I am presenting my Bill in an attempt to close some of the loopholes in the statutes governing marriage in this country. It is not good enough for a registrar to say that simply because one of the participants in a marriage ceremony was smiling at the time, consent was happily given. Much of the anecdotal evidence suggests that Joan had no idea she had ever been married to Folan, and there was clear evidence that her mental capacity was severely reduced in the last years of her life. However, there is no requirement for registrars to ensure that both parties in a marriage are aware of what they are doing when they enter into a contract to be married. There are protections under the law to prevent marriage under duress, but believing that duress is not present simply because one of the parties looks content does not mean that there is the mental capacity for consent.
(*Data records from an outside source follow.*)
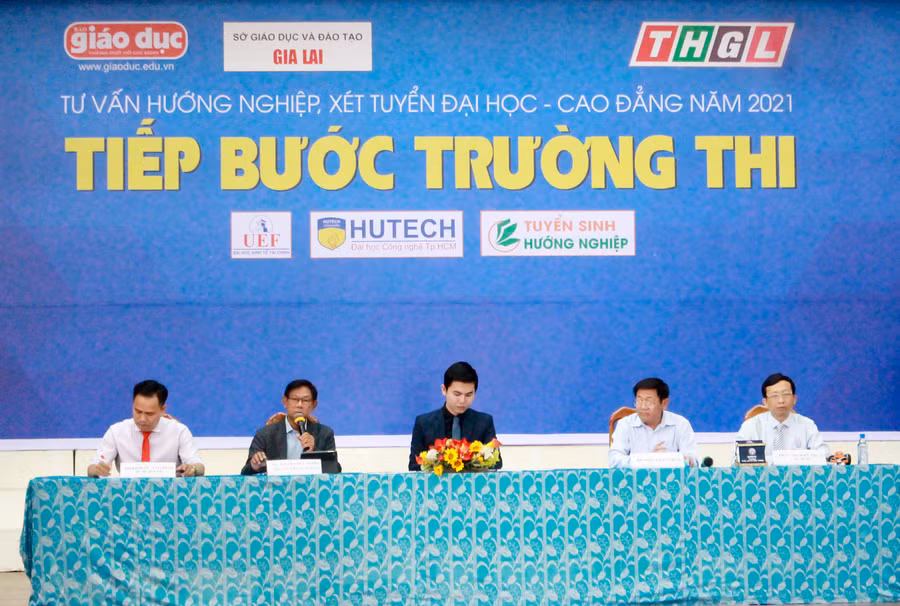 Chương trình “Tiếp bước trường thi” do Sở GD-ĐT phối hợp với Báo Giáo dục TP. Hồ Chí Minh và Đài Phát thanh-Truyền hình tỉnh tổ chức đã thu hút đông đảo học sinh tham gia. Ảnh: Mộc Trà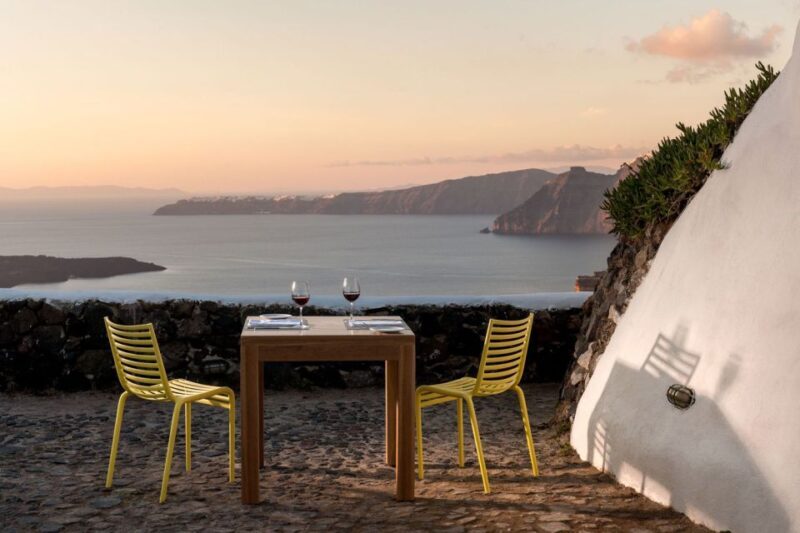 Santorini Wine Tour With Sunset in Oia
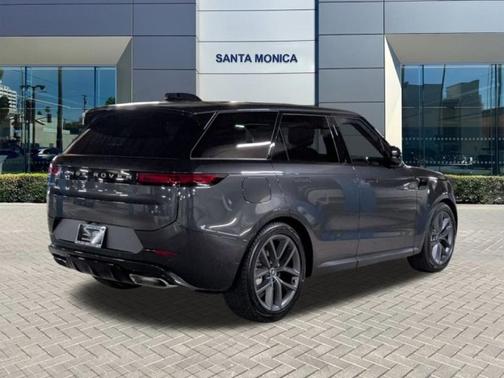 2025 Land Rover Range Rover Sport P360 SE
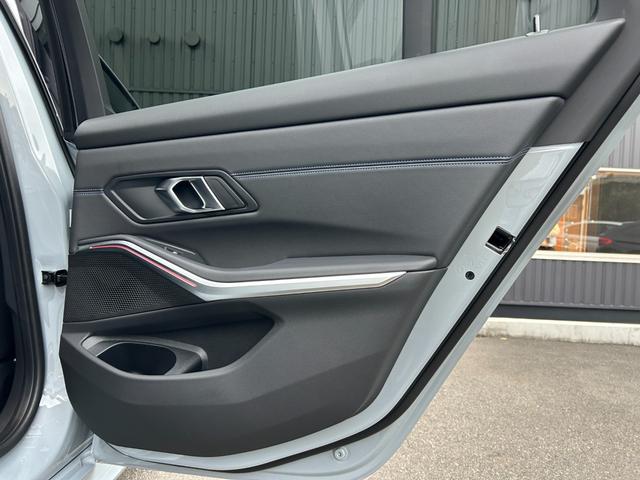 ３シリーズ ３２０ｄ　ｘＤｒｉｖｅツーリング　Ｍスポーツ　ハンズ・オフ・アシスト　黒革　ＨＵＤ　ＡＣＣ　ＬＫＡ　　ワイヤレス・チャージング　パワーシート　シートヒーター　パワーリアゲート／フットオープナー　純ナビ　３６０°カメラ　純１９ＡＷ　ドラレコ　ＥＴＣ（51枚目）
My Bill would establish a number of improvements and protections against what I would call predatory marriage—a term already in circulation in Canada and now used by Joan’s family. First, the Marriage and Civil Partnership (Consent) Bill would establish that marriage should no longer revoke a previous will in every case—or, indeed, in any case. The majority of those affected are entering into second marriages and are from the older generation. Secondly, the Bill would establish that there should be better training for registrars to ensure that robust procedures for safeguarding vulnerable individuals are put in place. Mark Thomson, the Registrar General for England and Wales, has said that he wants to “modernise” registration procedures.
Thirdly, the Bill proposes that capacity to marry should be established via a simple questionnaire to alert registrars that an assessment of capacity may be needed before the ceremony is carried out, and that a medical capacity assessment may also be required. Simply smiling during a marriage ceremony should not be assumed to mean consent if there is no mental capacity to make such a decision in the first place. Fourthly, the Bill proposes that notices of intention of a marriage should be published on the internet so that families such as Daphne’s can discover much sooner that a marriage has taken place, or is to take place, even if their presence is not requested or wanted.
I would like to thank Daphne and Stephen Franks for bringing their very distressing case to my attention as their local Member of Parliament. I believe that the case has profound implications for many hundreds of other families across the country who may find themselves in a similar situation, and of course it goes without saying that this could affect many other Members. I would also like to thank Sarah Young, a solicitor and partner in the firm of Ridley & Hall in Leeds, who has specialised in marriage law, for her help and advice in bringing this to the attention of hon. Members, including, I hope, members of the Government and my colleagues on the Opposition Front Bench.
Question put and agreed to.
That Fabian Hamilton, Rachel Reeves, Alex Sobel, Tracey Crouch, Alec Shelbrooke, Preet Kaur Gill, Caroline Lucas, Sir Edward Davey, Karen Lee and Richard Burden present the Bill.
Fabian Hamilton accordingly presented the Bill.
Bill read the First time; to be read a Second time on Friday 25 January 2019, and to be printed (Bill 296).